1.  Ball heads vs 3-way traditional heads....  To me, the advantages of ball (& gimbal) heads are: 1) easier to level, 2) QUICKER to adjust, 3) takes fewer hands/movements to adjust, 4) usually shorter (so you can get closer to the ground), and 5) fewer "arms" sticking out from the head to come loose or get caught on something...  The ball & gimbal heads when slightly loosened make it much easier to track a moving subject.  When you loosen all 3 controls on a 3-way head, it can get too loose & you lose stability; if you don't loosen all 3 controls & your tripod base isn't perfectly level, then you have a photo that isn't level & needs rotation & cropping to "look right."

2.  Tripod height - I usually have more problems getting my tripods to go low enough rather than come up high enough - course I ain't as tall as Leo...  If you read a bunch of tripod advice from professionals, most of them don't use the raisable center post because that is the least stable part of the tripod.  On one of my tripods (similar to Shaggy Bill's), I have completely done away with the center post so that it will go flat on the ground when I want it to.  On another, I paid extra for a 6" center post so that it would come within 6" of the ground.  And on another, I cut the centerpost off with a hacksaw to shorten it...

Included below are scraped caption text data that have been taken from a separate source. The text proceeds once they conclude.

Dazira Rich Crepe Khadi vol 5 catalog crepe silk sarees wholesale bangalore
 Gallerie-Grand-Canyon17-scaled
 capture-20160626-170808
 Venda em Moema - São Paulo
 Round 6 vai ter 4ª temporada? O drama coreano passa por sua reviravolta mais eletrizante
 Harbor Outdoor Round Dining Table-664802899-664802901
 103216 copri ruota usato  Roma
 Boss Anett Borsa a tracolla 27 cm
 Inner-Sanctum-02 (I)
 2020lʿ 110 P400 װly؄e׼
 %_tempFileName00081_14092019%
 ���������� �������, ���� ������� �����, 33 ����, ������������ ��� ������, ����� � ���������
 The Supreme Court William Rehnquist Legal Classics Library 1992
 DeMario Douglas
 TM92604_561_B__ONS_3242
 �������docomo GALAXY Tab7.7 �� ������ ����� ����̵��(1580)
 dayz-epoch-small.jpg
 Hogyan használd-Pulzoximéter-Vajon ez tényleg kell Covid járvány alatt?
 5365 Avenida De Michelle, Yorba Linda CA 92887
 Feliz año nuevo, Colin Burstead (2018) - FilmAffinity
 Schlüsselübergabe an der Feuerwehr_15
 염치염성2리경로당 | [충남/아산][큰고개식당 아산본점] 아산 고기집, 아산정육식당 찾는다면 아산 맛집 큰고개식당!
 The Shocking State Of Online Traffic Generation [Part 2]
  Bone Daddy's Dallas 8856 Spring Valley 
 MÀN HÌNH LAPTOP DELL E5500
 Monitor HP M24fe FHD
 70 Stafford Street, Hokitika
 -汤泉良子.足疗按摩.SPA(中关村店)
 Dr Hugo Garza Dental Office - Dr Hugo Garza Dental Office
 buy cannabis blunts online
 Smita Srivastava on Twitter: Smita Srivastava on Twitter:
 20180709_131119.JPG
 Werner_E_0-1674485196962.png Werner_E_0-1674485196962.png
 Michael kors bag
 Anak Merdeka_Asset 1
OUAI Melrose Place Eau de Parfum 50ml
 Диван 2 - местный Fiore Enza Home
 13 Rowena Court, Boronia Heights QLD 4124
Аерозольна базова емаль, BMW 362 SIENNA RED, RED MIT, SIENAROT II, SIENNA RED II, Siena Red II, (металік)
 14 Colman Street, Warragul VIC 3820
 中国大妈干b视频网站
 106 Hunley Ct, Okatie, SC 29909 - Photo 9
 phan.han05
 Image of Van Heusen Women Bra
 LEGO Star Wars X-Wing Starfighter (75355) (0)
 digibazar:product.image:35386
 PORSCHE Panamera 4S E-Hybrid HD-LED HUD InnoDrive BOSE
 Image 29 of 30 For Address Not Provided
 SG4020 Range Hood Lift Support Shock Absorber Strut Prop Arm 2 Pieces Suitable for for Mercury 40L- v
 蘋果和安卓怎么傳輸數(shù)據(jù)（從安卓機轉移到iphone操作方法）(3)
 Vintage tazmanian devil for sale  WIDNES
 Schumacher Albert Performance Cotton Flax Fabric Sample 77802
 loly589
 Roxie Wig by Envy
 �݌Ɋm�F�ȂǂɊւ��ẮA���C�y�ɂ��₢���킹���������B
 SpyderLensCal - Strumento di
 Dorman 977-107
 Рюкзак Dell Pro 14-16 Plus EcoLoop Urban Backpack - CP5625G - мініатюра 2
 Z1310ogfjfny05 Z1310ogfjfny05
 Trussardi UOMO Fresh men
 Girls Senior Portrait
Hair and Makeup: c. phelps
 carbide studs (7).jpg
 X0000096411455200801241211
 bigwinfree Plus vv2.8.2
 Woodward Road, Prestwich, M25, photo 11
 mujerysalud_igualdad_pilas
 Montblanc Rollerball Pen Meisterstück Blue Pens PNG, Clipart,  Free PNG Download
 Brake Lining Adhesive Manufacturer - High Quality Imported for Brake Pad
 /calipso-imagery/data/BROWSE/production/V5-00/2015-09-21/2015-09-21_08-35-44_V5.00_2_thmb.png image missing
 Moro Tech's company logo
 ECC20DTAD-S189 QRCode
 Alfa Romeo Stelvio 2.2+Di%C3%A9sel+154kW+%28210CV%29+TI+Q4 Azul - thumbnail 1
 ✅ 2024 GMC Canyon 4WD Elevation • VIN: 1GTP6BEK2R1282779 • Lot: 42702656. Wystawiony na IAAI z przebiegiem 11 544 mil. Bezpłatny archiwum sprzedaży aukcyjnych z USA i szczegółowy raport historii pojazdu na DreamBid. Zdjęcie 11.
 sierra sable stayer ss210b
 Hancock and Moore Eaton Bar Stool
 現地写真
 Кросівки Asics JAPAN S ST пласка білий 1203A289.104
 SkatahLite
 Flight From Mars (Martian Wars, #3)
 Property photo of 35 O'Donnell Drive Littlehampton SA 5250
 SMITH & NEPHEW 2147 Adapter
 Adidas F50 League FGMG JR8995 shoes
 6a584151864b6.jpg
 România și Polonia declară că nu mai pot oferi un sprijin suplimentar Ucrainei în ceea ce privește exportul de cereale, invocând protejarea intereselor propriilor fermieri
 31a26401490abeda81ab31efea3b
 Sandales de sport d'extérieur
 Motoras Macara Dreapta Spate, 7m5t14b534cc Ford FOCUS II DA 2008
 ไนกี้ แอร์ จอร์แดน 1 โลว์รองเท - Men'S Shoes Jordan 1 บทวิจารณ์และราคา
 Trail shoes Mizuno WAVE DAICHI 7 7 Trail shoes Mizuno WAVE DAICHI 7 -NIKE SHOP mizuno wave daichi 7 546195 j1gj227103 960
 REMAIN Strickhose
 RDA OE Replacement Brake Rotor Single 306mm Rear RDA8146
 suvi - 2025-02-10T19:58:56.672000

For the vast majority of pictures, I don't take them at MY eye level anyway.  I try to get them from critter eye level.  Occasionally I will take one from "my" height to show a critter or flower as it is "normally" seen.  On rare occasions I will extend the tripod as high as it will go to try to reduce my distance from a high subject (bird in a tree, etc.).  Up in the mountains, I sometimes am above the tripod & need a little extra height, but not often.  I can't remember the max height of my Velbon Mark 7 (without center post), but I think it is less than 4 feet.  57" should be gracious plenty (especially when you add  a couple of extra inches for any kind of head.  The 3265 head will add somewhere between 4 and 6 inches anyway....).  You might also look at the 322RC2 head, which is just like the 3265 except that the sqeeze grip is to the side like on Shaggy Bill's.  The only thing I didn't like about that was that it limited which direction I could switch from portrait to landscape at some tripod settings.  Most people are left or right tilters only, so that ain't a problem.  I am a little ambidextrous anyway, & I tilt whichever direction seems to make sense based on which way the animal is moving (usually a macro critter).  Alternatively, the Bogen 486RC2 head is a lower-priced version of a ball head...


----------



## bigswamp (Jun 22, 2006)

with 57" tripod you will be humped over and that will get uncomfortable after a while...in my opion you would be better off with the taller tripod and you can adjust it down but it is hard to make it any taller...also if you shoot birds perched much higher than eye level the tall tripod reduces the angle and only a few inches can make a lot of difference in making the picture appear more like you are on the same level.


----------



## Hoss (Jun 22, 2006)

Thanks all for some great information.  It's going to be a big help in having some understanding of this simple item that in use become very complex.  

Hoss


----------



## slimbo (Jun 22, 2006)

First of all, tripods and cameras are like guns and duck calls.  All of them get the job done.  Some help you out more than others in achieving that great shot, but all are capable.  Pick one, try it and if you dont like it try another one.  (which is probably what Rip did.)  Every body will have different opinions and their favorites may not be yours.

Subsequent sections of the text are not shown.